Exploding array column to fix number of rows (say 5)in pyspark dataframe. Create blank values for items not in array

52 Views Asked by At

I have an array column in pyspark dataframe. It can contain maximum of 14 elements in array which is a struct containing 7 attributes for each 14 elements.If any row has less than 14 elements in the array column we need to create blank values for missing elements and its 7 attributes. How to achieve this ?

**Taking maximum array elements as 5 for example and simplicity: **

Dataframe:

id|as_of_date|attributes
123|2023| [["version3","approved","2.6"],["version2","not approved","5.6"] ]
456|2022| [["version4","approved","6.7"],["version1","approved","8.5"],["version3","not approved","7.5"] ]

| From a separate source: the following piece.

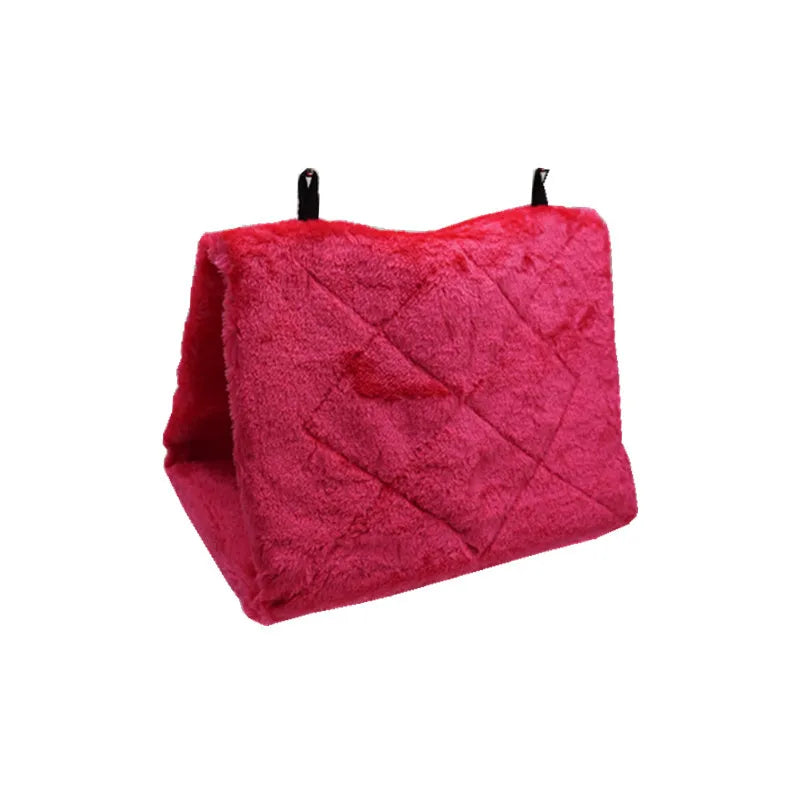 A magenta plush bird hammock tent with a quilted pattern.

Here attributes is array column containing struct (version/approval_status/interest_rate) Maximum 5 versions data can be in array. Row 1 has only 2 versions so we will create 2 rows plus 3 rows for rest of versions with blank data. Row 2 has only 3 versions so we will create 3 rows plus 2 rows for rest of versions with blank data.

Resultant Dataframe:

id|as_of_date|attributes_version|attributes_approval_status|attributes_interest_rate
123|2023|version3|approved|2.6
123|2023|version2|not approved|5.6
123|2023|version1| | 
123|2023|version4| |
123|2023|version5| |
456|2022|version4|approved|6.7
456|2022|version1|approved|8.5
456|2022|version3|not approved|7.5
456|2022|version2| | 
456|2022|version5| |

I am able to create rows using explode , but unable to figure out how to create exactly 5 rows for each version and blank values for missing versions in array

1

There are 1 best solutions below

0
samkart On

you can create a new array column with the required number of array elements, and then explode it.

here's an example

max_size = 5

data_sdf. \
    withColumn('new_attrs', 
               func.when(func.size('attrs') < max_size, 
                         func.concat('attrs', func.expr('array_repeat(array(null, null, null), {0}-size(attrs))'.format(max_size)))).
               otherwise(func.slice('attrs', 1, max_size))
               ). \
    withColumn('new_attrs_explode', func.explode('new_attrs')). \
    selectExpr('id', 'as_of_date', 
               'new_attrs_explode[0] as attributes_version',
               'new_attrs_explode[1] as attributes_approval_status',
               'new_attrs_explode[2] as attributes_interest_rate'
               ). \
    show(truncate=False)

# +---+----------+------------------+--------------------------+------------------------+
# |id |as_of_date|attributes_version|attributes_approval_status|attributes_interest_rate|
# +---+----------+------------------+--------------------------+------------------------+
# |123|2023      |version3          |approved                  |2.6                     |
# |123|2023      |version2          |not approved              |5.6                     |
# |123|2023      |null              |null                      |null                    |
# |123|2023      |null              |null                      |null                    |
# |123|2023      |null              |null                      |null                    |
# |456|2022      |version4          |approved                  |6.7                     |
# |456|2022      |version1          |approved                  |8.5                     |
# |456|2022      |version3          |not approved              |7.5                     |
# |456|2022      |null              |null                      |null                    |
# |456|2022      |null              |null                      |null                    |
# +---+----------+------------------+--------------------------+------------------------+

the new_attrs is the new array column which will have only 5 (as passed in max_size) elements - if attributes are less than the wanted number of elements, it creates null attributes and merges it with the existing. notice that the merge is acheived using concat, not array_union. that's because array_union will remove duplicate elements (attributes) by default. this new column is exploded and used to create new columns.

data_sdf. \
    withColumn('new_attrs', 
               func.when(func.size('attrs') < max_size, 
                         func.concat('attrs', func.expr('array_repeat(array(null, null, null), {0}-size(attrs))'.format(max_size)))).
               otherwise(func.slice('attrs', 1, max_size))
               ). \
    show(truncate=False)

# +---+----------+-------------------------------------------------------------------------------------+-----------------------------------------------------------------------------------------------------------------------------+
# |id |as_of_date|attrs                                                                                |new_attrs                                                                                                                    |
# +---+----------+-------------------------------------------------------------------------------------+-----------------------------------------------------------------------------------------------------------------------------+
# |123|2023      |[[version3, approved, 2.6], [version2, not approved, 5.6]]                           |[[version3, approved, 2.6], [version2, not approved, 5.6], [null, null, null], [null, null, null], [null, null, null]]       |
# |456|2022      |[[version4, approved, 6.7], [version1, approved, 8.5], [version3, not approved, 7.5]]|[[version4, approved, 6.7], [version1, approved, 8.5], [version3, not approved, 7.5], [null, null, null], [null, null, null]]|
# +---+----------+-------------------------------------------------------------------------------------+-----------------------------------------------------------------------------------------------------------------------------+